The results of the COMPASS trial provide new insights into the pathogenesis of atherothrombosis by highlighting the importance of thrombin as a driver of recurrent ischemic events. To best translate the findings into practice, patients at highest risk for recurrent ischemic events need to be identified. Patients with PAD, those with polyvascular disease and high-risk CAD patients such as those with diabetes mellitus, hypertension, or heart failure are likely to derive the greatest benefit from the combination of low-dose rivaroxaban and aspirin. Still to be determined is when and which ACS patients to transition from DAPT to the combination of aspirin plus rivaroxaban. Nonetheless, the COMPASS trial will change treatment paradigms for atherothrombosis prevention in CAD and PAD patients.

The major side effect of DPI is bleeding. As briefly discussed, current research is focused on development of safer anticoagulants such as factor XI inhibitors.[222] [223] Additional studies are needed to determine whether these next generation anticoagulants will provide a safer platform than rivaroxaban for the addition of single or dual antiplatelet therapies.

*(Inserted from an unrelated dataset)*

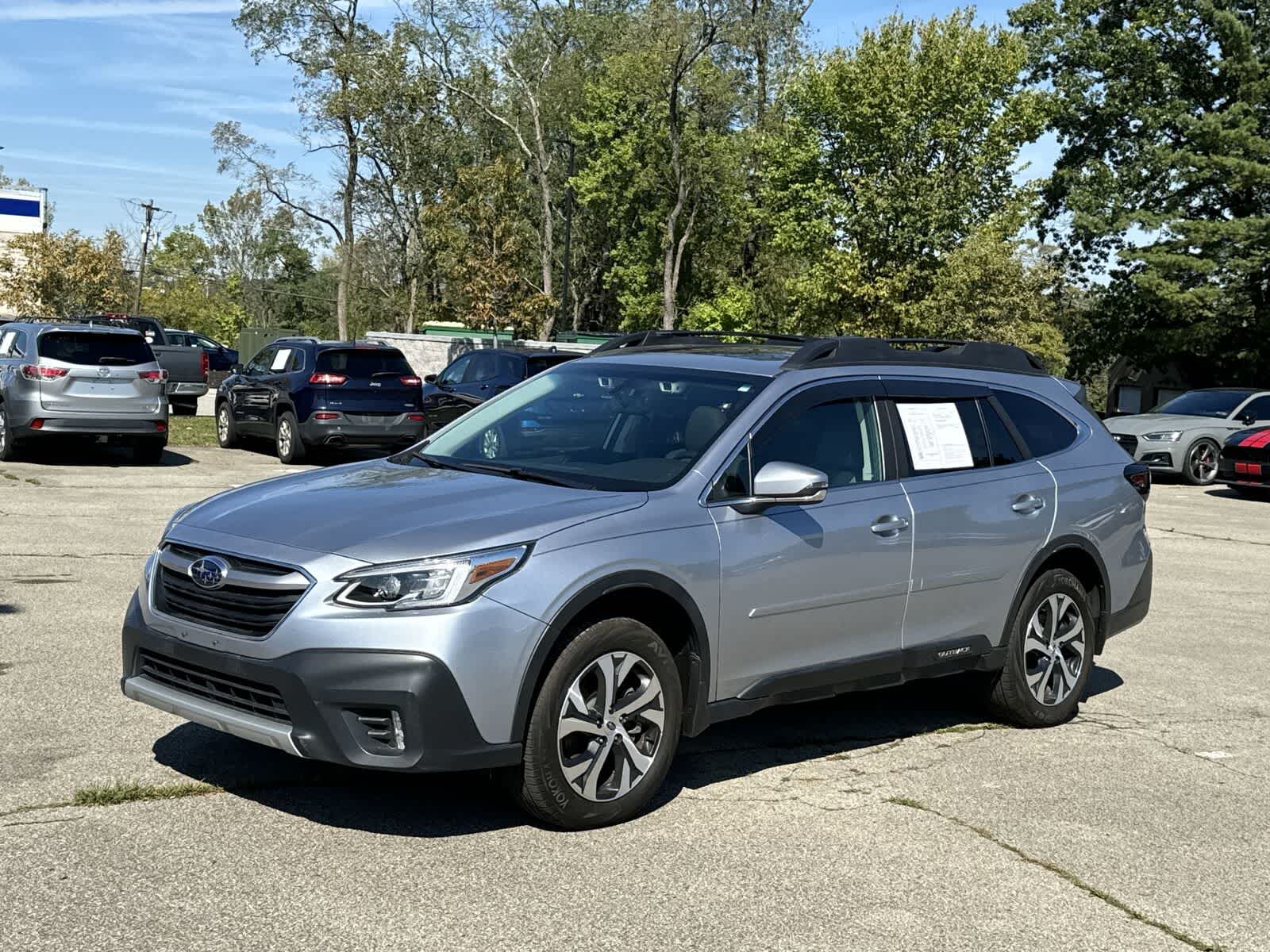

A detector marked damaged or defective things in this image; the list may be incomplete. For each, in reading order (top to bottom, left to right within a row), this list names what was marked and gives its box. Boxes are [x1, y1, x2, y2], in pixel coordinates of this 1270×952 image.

cracked asphalt [2, 447, 1270, 952]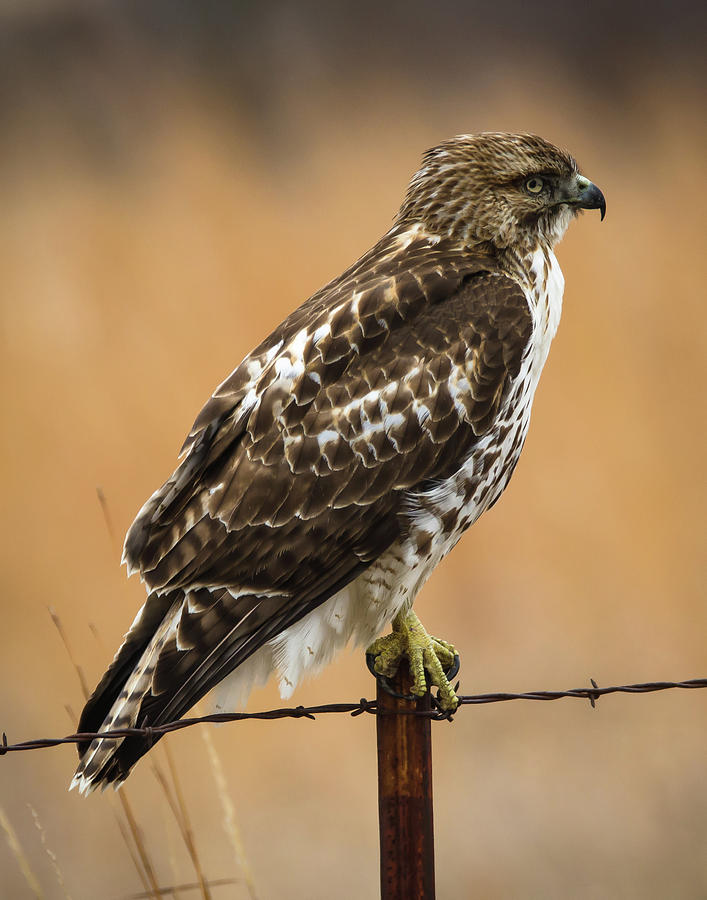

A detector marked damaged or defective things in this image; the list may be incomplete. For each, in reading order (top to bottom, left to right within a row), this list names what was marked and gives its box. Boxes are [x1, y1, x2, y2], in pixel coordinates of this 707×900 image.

rusty metal post [378, 672, 434, 896]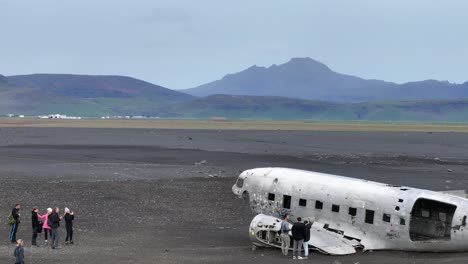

Finally, despite the promising results of the CANTOS trial, the role of antiinflammatory agents for prevention of cardiovascular events remains uncertain. More studies are needed to confirm the importance of the IL-1 signaling pathways in this process. To move forward, agents that are more effective, safer, and less expensive than canakinumab are needed. Until such agents are available, and more studies are performed, low-dose rivaroxaban plus aspirin will be the mainstay for the secondary prevention of atherothrombosis.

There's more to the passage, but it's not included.